Die First Lady des Golf heißt Annika Sörenstam

Auf Erfolge ist im Damengolf vor allem eine Proette abonniert, um die viel weniger Wirbel veranstaltet wird als um den 16-jährigen Superstar Michelle Wie (Honolulu): Annika Sörenstam.

Die Schwedin (35) kann in ihrer 14 Jahre dauernden Profilaufbahn eine Erfolgsbilanz vorweisen, die sogar ihren Freund und Kollegen Tiger Woods, in den Schatten stellt: Im vergangenen Jahr nahm Annika Sörenstam an zwanzig Turnieren der amerikanischen LPGA Tour teil, zehn gewann sie - eine unglaubliche Quote.

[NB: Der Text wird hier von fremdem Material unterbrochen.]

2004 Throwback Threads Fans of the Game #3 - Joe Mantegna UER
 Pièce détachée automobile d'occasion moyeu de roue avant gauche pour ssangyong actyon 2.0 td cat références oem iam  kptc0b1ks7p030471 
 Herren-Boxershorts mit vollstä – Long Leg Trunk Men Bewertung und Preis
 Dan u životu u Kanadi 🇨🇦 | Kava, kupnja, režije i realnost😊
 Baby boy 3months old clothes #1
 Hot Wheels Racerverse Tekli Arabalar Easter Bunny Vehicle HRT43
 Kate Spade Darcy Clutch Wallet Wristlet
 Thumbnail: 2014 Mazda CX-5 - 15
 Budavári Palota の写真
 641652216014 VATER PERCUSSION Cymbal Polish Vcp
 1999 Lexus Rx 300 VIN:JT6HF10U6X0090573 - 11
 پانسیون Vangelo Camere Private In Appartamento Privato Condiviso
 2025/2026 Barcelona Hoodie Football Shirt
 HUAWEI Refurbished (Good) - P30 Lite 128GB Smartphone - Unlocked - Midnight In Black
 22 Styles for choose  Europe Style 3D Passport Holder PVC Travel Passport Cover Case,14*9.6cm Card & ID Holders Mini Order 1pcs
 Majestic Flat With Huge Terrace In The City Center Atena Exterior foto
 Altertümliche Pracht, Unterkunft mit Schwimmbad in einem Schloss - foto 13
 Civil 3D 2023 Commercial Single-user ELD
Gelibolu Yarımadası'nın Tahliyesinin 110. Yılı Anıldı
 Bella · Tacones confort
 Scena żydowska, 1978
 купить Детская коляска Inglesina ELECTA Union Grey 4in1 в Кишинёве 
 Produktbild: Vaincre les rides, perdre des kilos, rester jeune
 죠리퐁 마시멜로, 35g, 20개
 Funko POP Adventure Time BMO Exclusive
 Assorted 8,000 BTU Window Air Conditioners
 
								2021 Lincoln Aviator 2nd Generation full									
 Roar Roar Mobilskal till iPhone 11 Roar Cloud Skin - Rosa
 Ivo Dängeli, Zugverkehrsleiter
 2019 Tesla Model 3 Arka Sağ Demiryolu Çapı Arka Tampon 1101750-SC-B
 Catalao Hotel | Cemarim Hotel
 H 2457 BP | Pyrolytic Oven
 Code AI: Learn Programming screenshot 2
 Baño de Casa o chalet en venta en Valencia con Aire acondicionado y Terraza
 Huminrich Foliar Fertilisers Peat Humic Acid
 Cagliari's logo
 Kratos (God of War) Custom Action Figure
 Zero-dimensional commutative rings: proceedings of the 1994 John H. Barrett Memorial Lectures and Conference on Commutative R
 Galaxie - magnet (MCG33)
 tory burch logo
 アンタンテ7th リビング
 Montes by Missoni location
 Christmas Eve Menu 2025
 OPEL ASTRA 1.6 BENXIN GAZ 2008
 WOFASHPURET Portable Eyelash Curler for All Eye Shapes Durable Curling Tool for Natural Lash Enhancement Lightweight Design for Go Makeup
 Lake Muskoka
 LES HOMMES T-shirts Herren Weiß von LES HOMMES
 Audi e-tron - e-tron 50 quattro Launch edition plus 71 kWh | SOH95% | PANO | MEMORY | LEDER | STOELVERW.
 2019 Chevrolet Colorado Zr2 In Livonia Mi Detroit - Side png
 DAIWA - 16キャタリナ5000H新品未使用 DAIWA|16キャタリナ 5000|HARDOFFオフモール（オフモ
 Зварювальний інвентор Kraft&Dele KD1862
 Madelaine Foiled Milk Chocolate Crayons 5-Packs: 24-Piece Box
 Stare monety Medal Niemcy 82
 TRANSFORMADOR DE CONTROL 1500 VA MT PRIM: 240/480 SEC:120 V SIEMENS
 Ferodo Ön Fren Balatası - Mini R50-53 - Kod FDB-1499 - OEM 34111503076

Seit sie 1994 die Spielberechtigung für die lukrativste und älteste Damenturnierserie erhielt, siegte sie im Schnitt pro Jahr bei 5,5 Turnieren, in den letzten fünf Jahren waren es immer mehr als acht. Sie hat jedes der vier Majors im Damengolf mindestens einmal gewonnen, hat also den sogenannten Karriere-Grand-Slam vollendet, gewann fünf der letzten zwölf Majors und triumphierte die vergangenen fünf Jahre immer mindestens bei einem der vier Saisonhöhepunkte. Die Siegesbilanz der überlegenen Weltranglistenersten weist mittlerweile 67 Erfolge auf der LPGA Tour und dreizehn weitere in aller Welt auf.
»Ich setze mir hohe Ziele«, sagt die First Lady des Golfs, ein typisches Understatement der kühlen Skandinavierin. Vor zwei Jahren, als sie zum ersten Mal ihre Ambitionen auf den großen Gramd-Slam-Schlag angemeldet hatte, war sie mit einem 13. Platz bei der Kraft Nabisco Championship schon an der ersten Hürde gescheitert. Aber im Vorjahr gewann sie nach dem Coup von Rancho Mirage auch das zweite Major, die LPGA Championship, ehe sie ein 23. Platz bei den US Open aus der Bahn warf. »Ich bin bereit. Jetzt oder nie! Ich habe mich so gut vorbereitet wie noch nie. Mein Schwung ist gut, ich putte gut. Ich fühle mich gut«, sagte Annika Sörenstam.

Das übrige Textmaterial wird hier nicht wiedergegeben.